But those remedies won't prevent future crises, Joseph Stiglitz, winner of the 2001 Nobel Prize for Economics, writes in Freefall: America, Free Markets, and the Sinking of the World Economy (Norton, $27.95).
In contrast to the regulations that emerged from the Great Depression, which promoted growth and stability, the response to this crisis has led to a less-competitive financial system dominated by banks that are too big to fail, he writes.
Stiglitz, former chief economist at The World Bank and now a professor at Columbia University in New York, focuses on banks' failure to assess and manage risk, especially when risk is disguised by complex financial instruments. Such modern alchemy transformed risky sub-prime mortgages into A-rated products dubbed safe enough to be held by pension funds, he says.
America's financial markets also failed to allocate capital productively, he says. At their peak in 2007, the bloated financial sector absorbed 41 percent of profits in the corporate sector, Stiglitz writes.
To add insult to injury, some of those profits were spent influencing Congress to make certain the government would not regulate risky derivatives or curb predatory lending.
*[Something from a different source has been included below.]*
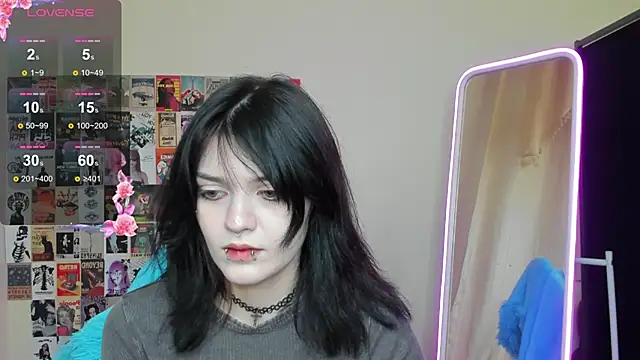 Snapshot of EmmaDarkk chatting on November 2025 09:21:01 AM EmmaDarkk online show from November 2025 09:21:01 AM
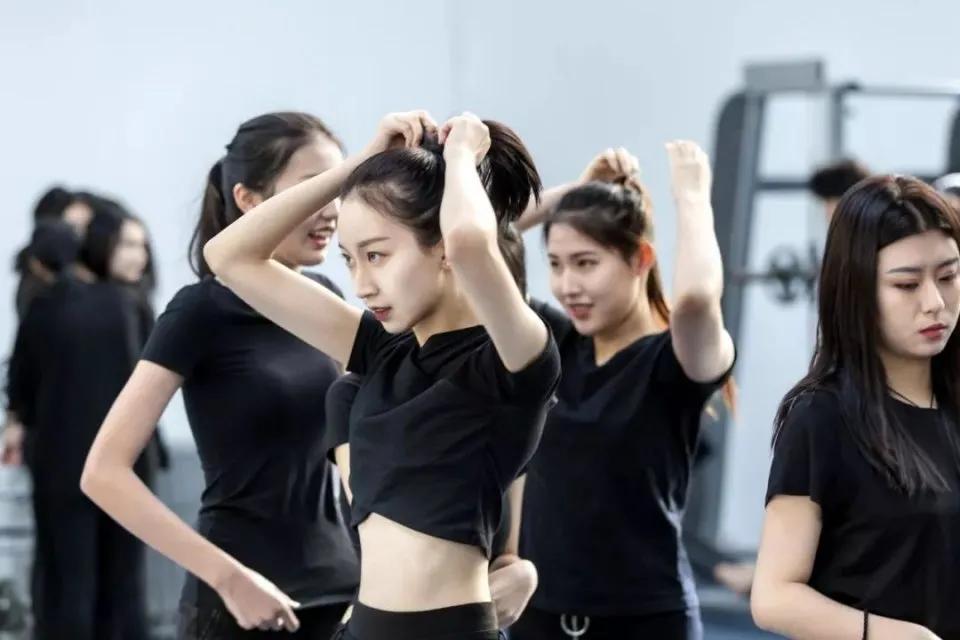 服装表演专业怎么报考,高考服装表演专业学什么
Finally, flawed incentive structures fostered corruption, encouraging deceptive accounting that would lead to higher stock prices and higher bonuses for Wall Street managers.
By 2008, the nation's economy was in a freefall and the United States, a country that purported to revile socialism, had to socialize the risks banks had taken and intervene in markets in unprecedented ways, Stiglitz writes.
But where does that leave the financial system and, more importantly, the U.S. economy?
It's very likely we will have a very slow recovery, I hope not as protracted as the Japanese did, but no one thought in 1990 that they would have one that long either, Stiglitz said in a recent conversation with Reuters.
Japan is viewed as having lost a decade of growth during the 1990s before the economy bounced back in 2004-06.
Stiglitz said one difference between Japan and the United States is that Japan has zero labor force growth, while the United States has a 1 percent labor force growth rate.
Thus, if U.S. jobs grow at a 1 percent pace, it's as bad as Japan's growing at zero percent, he said.
Other differences exist between Japan and the United States, some of which argue for a quicker comeback for the United States and others than point to a slower one, Stiglitz said.
For one thing, while Japan could export its way out of its slowdown, the United States cannot because European growth is also slow.
For another, Japan began its recession with a high savings rate and that enabled it to expand by decreasing savings and increasing consumption.
The United States is in the opposite situation, having begun with a savings rate of zero, Stiglitz said. Thus, the likelihood that our savings rate is going to go up is very high and rising savings can contribute significantly to a prolonged slowdown.
The healthcare situation in the United States, with its issues of equity and access, also has implications for U.S. growth, Stiglitz told Reuters. Health affects productivity, and the cost of healthcare affects competitiveness, he said.
To make things worse, we have made the fundamental mistake of linking the provision of healthcare to employment, creating strong interactions between deficiencies in the health care system and problems in the labor market, he said.
The solution to that problem would be to move to a single payer system that recognizes health as a social cost, not an employment cost, Stiglitz said.
Providing low-skilled workers who earn minimum wage with health insurance almost doubles the cost of employing them so the adverse affects of the current system are most marked on the low-wage part of the labor force, he said.
But the biggest risk to the economic recovery is the very, very strong political risk posed by those who argue for deficit reduction, he said.
President Obama is trying to walk a very fine line on that issue now, saying he will cut the deficit over the long run and stimulate the economy over the short run, he said. But the myopia of the deficit hawks won't let them buy into that.